START Recorded information
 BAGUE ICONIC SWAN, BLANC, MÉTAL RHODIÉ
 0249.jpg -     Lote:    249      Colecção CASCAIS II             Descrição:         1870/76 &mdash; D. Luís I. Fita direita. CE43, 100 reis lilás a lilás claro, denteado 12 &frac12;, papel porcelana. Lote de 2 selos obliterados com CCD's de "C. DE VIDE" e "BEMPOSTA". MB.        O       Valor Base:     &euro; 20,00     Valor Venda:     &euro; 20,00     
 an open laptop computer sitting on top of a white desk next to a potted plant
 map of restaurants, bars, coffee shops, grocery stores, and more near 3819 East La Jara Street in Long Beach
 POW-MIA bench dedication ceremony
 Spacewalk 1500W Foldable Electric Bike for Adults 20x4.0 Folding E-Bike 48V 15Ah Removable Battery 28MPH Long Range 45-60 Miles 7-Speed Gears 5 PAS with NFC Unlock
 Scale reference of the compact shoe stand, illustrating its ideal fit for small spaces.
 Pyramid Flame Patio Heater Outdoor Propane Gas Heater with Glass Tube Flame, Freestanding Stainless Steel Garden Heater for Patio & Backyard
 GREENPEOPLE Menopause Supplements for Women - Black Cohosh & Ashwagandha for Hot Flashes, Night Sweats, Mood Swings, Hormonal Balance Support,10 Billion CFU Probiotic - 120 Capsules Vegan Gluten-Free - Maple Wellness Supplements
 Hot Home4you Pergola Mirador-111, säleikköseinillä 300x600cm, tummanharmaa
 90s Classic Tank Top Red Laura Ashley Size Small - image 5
END Recorded information
- [What is required] Using the entries shown above, reproduce verbatim the lines from the line bearing "POW-MIA bench dedication ceremony" to the line bearing "GREENPEOPLE Menopause Supplements", inclusive.

- [Reply]
 POW-MIA bench dedication ceremony
 Spacewalk 1500W Foldable Electric Bike for Adults 20x4.0 Folding E-Bike 48V 15Ah Removable Battery 28MPH Long Range 45-60 Miles 7-Speed Gears 5 PAS with NFC Unlock
 Scale reference of the compact shoe stand, illustrating its ideal fit for small spaces.
 Pyramid Flame Patio Heater Outdoor Propane Gas Heater with Glass Tube Flame, Freestanding Stainless Steel Garden Heater for Patio & Backyard
 GREENPEOPLE Menopause Supplements for Women - Black Cohosh & Ashwagandha for Hot Flashes, Night Sweats, Mood Swings, Hormonal Balance Support,10 Billion CFU Probiotic - 120 Capsules Vegan Gluten-Free - Maple Wellness Supplements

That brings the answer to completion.